- [WHAT TO WORK ON]:
In the entries below, every line that contains "over" must be located and copied.

───── RECORDED DATA ─────

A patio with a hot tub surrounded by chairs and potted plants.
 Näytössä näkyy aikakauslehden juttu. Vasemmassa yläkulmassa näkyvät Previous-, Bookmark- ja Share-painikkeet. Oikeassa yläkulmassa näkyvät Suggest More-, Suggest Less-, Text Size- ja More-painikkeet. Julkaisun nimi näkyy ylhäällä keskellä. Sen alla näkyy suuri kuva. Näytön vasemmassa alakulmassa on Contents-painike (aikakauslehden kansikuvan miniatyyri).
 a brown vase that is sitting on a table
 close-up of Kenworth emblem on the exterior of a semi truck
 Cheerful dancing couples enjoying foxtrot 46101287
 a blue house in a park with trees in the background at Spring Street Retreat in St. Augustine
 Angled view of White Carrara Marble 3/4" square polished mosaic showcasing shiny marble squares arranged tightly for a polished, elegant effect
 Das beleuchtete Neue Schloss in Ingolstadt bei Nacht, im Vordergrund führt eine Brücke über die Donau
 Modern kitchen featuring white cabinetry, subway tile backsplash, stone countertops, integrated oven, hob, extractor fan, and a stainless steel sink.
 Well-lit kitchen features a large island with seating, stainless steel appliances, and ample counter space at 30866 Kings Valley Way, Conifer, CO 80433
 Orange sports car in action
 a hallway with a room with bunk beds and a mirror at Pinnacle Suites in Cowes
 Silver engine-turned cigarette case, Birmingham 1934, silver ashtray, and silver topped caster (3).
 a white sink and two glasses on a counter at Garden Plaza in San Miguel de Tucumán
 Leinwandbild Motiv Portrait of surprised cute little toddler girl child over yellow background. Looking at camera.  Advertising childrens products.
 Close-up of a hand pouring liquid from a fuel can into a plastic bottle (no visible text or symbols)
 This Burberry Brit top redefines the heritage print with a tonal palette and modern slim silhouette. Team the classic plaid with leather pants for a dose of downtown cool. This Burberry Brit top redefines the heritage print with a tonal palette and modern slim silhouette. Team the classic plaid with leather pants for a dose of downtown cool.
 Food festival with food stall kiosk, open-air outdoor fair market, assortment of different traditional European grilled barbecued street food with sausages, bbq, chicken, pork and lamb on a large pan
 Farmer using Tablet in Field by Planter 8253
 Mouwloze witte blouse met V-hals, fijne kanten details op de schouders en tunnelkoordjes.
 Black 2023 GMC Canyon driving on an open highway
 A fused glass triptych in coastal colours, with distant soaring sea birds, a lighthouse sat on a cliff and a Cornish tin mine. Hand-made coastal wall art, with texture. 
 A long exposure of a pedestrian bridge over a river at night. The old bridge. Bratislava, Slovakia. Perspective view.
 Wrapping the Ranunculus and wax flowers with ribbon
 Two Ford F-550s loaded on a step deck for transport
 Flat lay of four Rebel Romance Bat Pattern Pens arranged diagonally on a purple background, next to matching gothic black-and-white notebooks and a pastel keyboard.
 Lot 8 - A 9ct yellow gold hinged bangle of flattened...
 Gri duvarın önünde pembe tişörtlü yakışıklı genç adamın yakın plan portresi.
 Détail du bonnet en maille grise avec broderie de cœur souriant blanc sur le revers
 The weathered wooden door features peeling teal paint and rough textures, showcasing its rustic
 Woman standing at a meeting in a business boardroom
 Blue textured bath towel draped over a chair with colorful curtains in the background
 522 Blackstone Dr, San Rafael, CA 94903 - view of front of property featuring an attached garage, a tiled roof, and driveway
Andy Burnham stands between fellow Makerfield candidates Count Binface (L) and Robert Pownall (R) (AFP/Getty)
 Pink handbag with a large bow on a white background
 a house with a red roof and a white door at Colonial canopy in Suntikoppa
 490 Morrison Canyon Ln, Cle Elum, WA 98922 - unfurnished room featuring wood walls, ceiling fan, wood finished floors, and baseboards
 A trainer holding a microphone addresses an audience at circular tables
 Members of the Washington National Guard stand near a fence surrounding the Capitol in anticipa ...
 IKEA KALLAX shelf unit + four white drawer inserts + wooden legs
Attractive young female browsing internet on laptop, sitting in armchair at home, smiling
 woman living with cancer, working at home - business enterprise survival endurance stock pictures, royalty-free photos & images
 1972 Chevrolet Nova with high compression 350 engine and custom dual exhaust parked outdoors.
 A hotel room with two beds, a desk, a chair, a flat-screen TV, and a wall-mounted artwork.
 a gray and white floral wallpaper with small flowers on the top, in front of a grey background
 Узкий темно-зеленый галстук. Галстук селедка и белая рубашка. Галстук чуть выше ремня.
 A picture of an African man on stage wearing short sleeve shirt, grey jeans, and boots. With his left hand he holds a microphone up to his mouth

─────

- [RESPONSE TO THIS EXERCISE]:
 Leinwandbild Motiv Portrait of surprised cute little toddler girl child over yellow background. Looking at camera.  Advertising childrens products.
 A long exposure of a pedestrian bridge over a river at night. The old bridge. Bratislava, Slovakia. Perspective view.
 Blue textured bath towel draped over a chair with colorful curtains in the background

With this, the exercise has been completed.